More or less everything that Adam Gordon makes is about painting, even when it’s not. Even when it’s a long, darkened home garage on the Parisian periphery, with a corridor composed of a singular LED beam clamped to a chair that you must walk around to get to, where a fluttering plastic curtain lays waiting for you to pull aside in order to enter a coil heater–warmed chamber with a chocolate-gone-bad scent. There, a small window compels you to look inside, like the staggered slats of Marcel Duchamp's Étant donnés. Because even here, the 36-year-old artist's work is about using composition and light to scare up emotions—it’s just that in this case, the artist manipulates time and architecture rather than his traditional pigment and linseed oil. That acute discomfort one experiences staring through the neatly framed keyhole of his recent Parisian installation at Galleria Zero is not so dissimilar to the upset caused by Duchamp’s woman spread-eagle, holding a candle in Étant donnés. This time the scene is not graphic, but rather quietly horrific. Spoilers to follow.
The fact that Gordon’s work can even have spoilers is emblematic of the ways he often sits in opposition to his peers. He does not have social media. He forbids installation shots (lest someone else take it upon themselves to distribute them on social media). He requires most exhibitions be experienced one at a time, without the comfort of a phone, and usually at night. These stipulations, which may seem petty to some—and are outright barriers for others—actually do something for Gordon’s work, like any formal decision. “I like setting up a place where you can, just for a moment, be as alone as you ever really get,” he says. “Art is a space where you can carve that out."

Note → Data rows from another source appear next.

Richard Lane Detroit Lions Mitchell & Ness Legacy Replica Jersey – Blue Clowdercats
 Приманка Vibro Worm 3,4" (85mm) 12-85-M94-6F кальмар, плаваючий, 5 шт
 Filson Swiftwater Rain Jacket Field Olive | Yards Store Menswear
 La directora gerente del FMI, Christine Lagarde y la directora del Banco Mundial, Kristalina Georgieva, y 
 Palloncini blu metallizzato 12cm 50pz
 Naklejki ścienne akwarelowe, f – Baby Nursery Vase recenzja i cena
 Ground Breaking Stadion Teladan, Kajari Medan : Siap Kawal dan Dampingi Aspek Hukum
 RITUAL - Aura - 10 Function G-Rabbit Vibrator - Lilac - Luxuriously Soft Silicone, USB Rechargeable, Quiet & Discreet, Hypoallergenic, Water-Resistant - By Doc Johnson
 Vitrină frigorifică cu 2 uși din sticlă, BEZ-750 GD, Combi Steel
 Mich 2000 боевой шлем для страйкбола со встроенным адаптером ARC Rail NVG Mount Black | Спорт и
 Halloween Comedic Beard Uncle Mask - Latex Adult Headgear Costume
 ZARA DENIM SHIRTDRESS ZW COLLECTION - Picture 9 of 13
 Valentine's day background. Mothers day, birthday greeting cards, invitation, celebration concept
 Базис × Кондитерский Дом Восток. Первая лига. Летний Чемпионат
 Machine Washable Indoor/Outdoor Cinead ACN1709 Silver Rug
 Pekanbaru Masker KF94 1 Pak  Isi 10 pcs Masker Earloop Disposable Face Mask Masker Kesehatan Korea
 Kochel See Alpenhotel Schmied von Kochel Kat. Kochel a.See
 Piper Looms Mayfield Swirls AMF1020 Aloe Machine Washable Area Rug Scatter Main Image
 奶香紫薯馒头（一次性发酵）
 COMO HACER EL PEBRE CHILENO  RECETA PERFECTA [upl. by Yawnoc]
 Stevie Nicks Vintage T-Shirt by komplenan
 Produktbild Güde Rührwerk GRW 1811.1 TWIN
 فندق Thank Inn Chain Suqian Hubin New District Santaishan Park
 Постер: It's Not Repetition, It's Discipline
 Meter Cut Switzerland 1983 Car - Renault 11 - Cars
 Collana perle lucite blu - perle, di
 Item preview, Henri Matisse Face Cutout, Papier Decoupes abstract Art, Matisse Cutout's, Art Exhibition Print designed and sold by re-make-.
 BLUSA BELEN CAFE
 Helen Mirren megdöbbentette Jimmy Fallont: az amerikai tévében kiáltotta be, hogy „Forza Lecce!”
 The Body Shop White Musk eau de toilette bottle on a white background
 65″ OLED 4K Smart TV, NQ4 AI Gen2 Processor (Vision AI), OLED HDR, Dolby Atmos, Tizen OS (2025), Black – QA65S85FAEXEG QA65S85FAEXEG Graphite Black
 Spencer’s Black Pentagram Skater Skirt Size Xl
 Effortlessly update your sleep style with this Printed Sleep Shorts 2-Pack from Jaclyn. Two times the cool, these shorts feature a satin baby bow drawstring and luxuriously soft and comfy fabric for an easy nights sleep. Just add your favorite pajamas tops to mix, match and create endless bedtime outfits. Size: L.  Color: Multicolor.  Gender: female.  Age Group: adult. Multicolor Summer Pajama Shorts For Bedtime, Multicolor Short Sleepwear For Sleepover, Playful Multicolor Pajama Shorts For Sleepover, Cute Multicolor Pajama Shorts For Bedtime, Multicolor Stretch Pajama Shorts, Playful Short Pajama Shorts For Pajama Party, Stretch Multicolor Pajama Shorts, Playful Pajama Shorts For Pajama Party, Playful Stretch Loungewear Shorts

Rare experiences sans social approval are Gordon’s call to arms. He knows a casualty of his cause is alienating people, but he embraces that as the nature of the work, and a way to struggle against speed for speed’s sake. Gordon likes to let things creep. His installations and portraits and brooding monochromes of interiors (like the ones on view at the 2022 Whitney Biennial) all take weeks to come to life. Peeping through the hole in Paris, I held my breath. I wanted to stay, but I could see a person watching someone else and it made me shiver, de-spite the heat, wondering who was watching me. The plastic sheet sighed. I jumped.